Fannie and Freddie, as Predicted

A reprise of what I wrote August 25: Any day now — perhaps any hour — the plug will be pulled on Fannie Mae and Freddie Mac, and a massive government bailout will ensue. Together, they’ll become the largest government-owned entities in American history, and, once again, taxpayers will pay the bill, which could come to $25 billion or more.One question is how did we ever get to this? The Savings and Loan Bailout of the late 1980s should have taught us that when government guarantees the downside of risks and private investors reap the upside gains, there’s hell to pay. The risks Fannie and Freddie took on weren’t officially guaranteed by the government — that is, by you and me — but investors assumed they were. And so did Fannie’s and Freddie’s executives, who reaped a bonanza with bonuses in the tens of millions each year.

Apologists will say that Fannie and Freddie exist to make housing loans to low-income Americans, so it was inevitable that the two giants would get caught in the quagmire of the housing burst. But the fact is, Fannie and Freddie — and the executives who ran them and still run them — have been out to maximize profits. Period. Just the same as every other mortgage and investment bank. High-risk sub-prime loans offered a higher rate of return, so Fannie and Freddie went into them big time. And because of the implicit government guarantee, Fannie and Freddie could take on even more risks and make even more money. Until now.

It’s another case of socialized capitalism, folks. The largest, yet. Along with making lots of money for investors and their executives, Fannie and Freddie corrupted our political process. They blocked any attempt to reign in the risks. Their lobbyists were and are the most sophisticated and among the most ubiquitous in Washington.

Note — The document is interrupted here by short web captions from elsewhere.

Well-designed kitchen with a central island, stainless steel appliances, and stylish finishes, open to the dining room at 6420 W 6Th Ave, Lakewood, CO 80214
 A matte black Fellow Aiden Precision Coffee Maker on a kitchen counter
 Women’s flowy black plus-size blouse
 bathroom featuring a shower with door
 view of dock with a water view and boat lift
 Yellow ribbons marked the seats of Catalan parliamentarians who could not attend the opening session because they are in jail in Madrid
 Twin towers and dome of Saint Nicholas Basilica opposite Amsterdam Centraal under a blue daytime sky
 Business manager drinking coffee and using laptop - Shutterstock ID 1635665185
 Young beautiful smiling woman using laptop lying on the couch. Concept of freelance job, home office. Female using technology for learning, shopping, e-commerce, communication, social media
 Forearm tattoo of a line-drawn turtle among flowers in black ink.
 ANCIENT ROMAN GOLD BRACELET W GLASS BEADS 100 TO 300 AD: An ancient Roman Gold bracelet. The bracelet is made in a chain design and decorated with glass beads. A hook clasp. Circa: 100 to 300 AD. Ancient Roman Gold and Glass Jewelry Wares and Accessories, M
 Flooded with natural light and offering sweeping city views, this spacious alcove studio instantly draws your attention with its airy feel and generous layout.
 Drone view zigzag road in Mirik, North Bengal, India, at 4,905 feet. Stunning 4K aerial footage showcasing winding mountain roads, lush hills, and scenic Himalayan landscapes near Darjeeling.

What to do now? Hope that, like the S&L fiasco, taxpayers can get back a fair portion of our dollars. But unlike the S&L fiasco, this time we should make sure we bury socialized capitalism for good.


Originally published at Robert Reich’s blog and reproduced here with the author’s permission.

2 Responses to "Fannie and Freddie, as Predicted"

  1. Guest   September 8, 2008 at 10:47 am

    In the immortal and slightly revised words of Professor Phil Kurland of the University of Chicago Law School (circa 1961) — guru to Senator Biden — there is nothing wrong with socialized capitalism as long as I get the profits and you take the losses.

  2. Arthur   September 9, 2008 at 10:43 am

    I agree with what you have written.If the deregulation and “free markets” really work then I don’t seee why I have to bail out these things. Now the Govt will be taking money ie collection duties and then giving the money to investors including NON-US investors. Maybe they will invest in “Blackwater” the privite company that makes so much money (from our pockets)everytime we invest in a police action, war or invasion. Or Sears were the Red 1 will be for sale.My point, if the markets work then don’t prop it up with socialized public money and turn it into privite profit, and stop picking up the corporate debt and pining it on tax-payers. secondly selling off public and government funtions, services, and tresures is more costly, more wasteful, less acountable and gives us the horrors of “big government” without and of the so-called ‘protections for the public, all the protections are for the corporate profit.